Amid operational chaos at Heathrow Airport in the United Kingdom, Delta Airlines recently came up with a "creative" solution to reunite passengers with their stranded baggage. The airline deployed a wide-body aircraft last week only to bring 1,000 pieces of luggage back to the United States.
According to CNN, a staffing shortage at Heathrow Airport in London has caused a service meltdown in recent weeks. Airport officials responded to the cancelled flights and massive lost baggage complaints by telling airlines that they must limit the number of passengers at the airport to 100,000 a day.
So, Delta Airlines figured out a way to get the lost bags out of the airport, even though it couldn't take more passengers. The airline used an empty Airbus A330-200 to retrieve the lost bags.
"Delta teams worked a creative solution to move delayed checked bags from London-Heathrow on July 11 after a regularly scheduled flight had to be cancelled given airport passenger volume restrictions at Heathrow," the airlines said in a statement as per CNN.
"Delta flight 9888 from Heathrow to Delta's Detroit hub flew 1,000 bags back to the United States, where teams then forwarded the bags on to our customers," it added.
Delta's A330-200 aircraft can accommodate up to 406 passengers, and it typically carries 210 and 250 passengers. The airline noted that even though it was a passenger-free flight, the bags flew where they usually do - in the aircraft's designated baggage bins, not the passenger cabins.

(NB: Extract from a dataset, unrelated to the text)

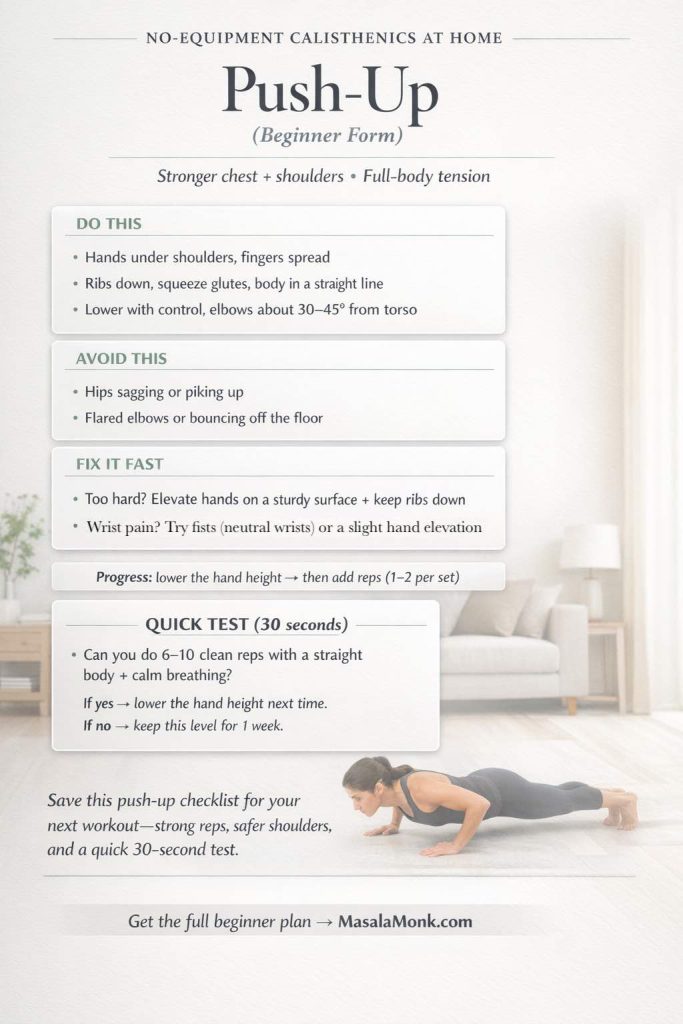 Portrait infographic: “Push-Up (Beginner Form)” for no-equipment calisthenics at home. Shows push-up cues (hands under shoulders with fingers spread; ribs down and glutes squeezed with body in a straight line; lower with control with elbows about 30–45° from the torso), mistakes to avoid (hips sagging or piking up; flared elbows or bouncing off the floor), quick fixes (elevate hands on a sturdy surface and keep ribs down; for wrist pain use fists/neutral wrists or a slight hand elevation), a one-line progression (lower the hand height, then add reps 1–2 per set), and a 30-second quick test for 6–10 clean reps with calm breathing, with MasalaMonk.com branding.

Meanwhile, Heathrow airport has struggled to keep up with bags over the past few weeks because of understaffing and a surge in travel. The crisis has led baggage to pile up after some passengers were forced to leave the terminals without their luggage.
Last month, a video showing hundreds of suitcases lying on the floor at Heathrow Airport also surfaced online. Frustrated passengers posted photos and videos of the chaotic sea of baggage on social media. Some users even claimed that there was a two-hour delay in reclaiming their baggage.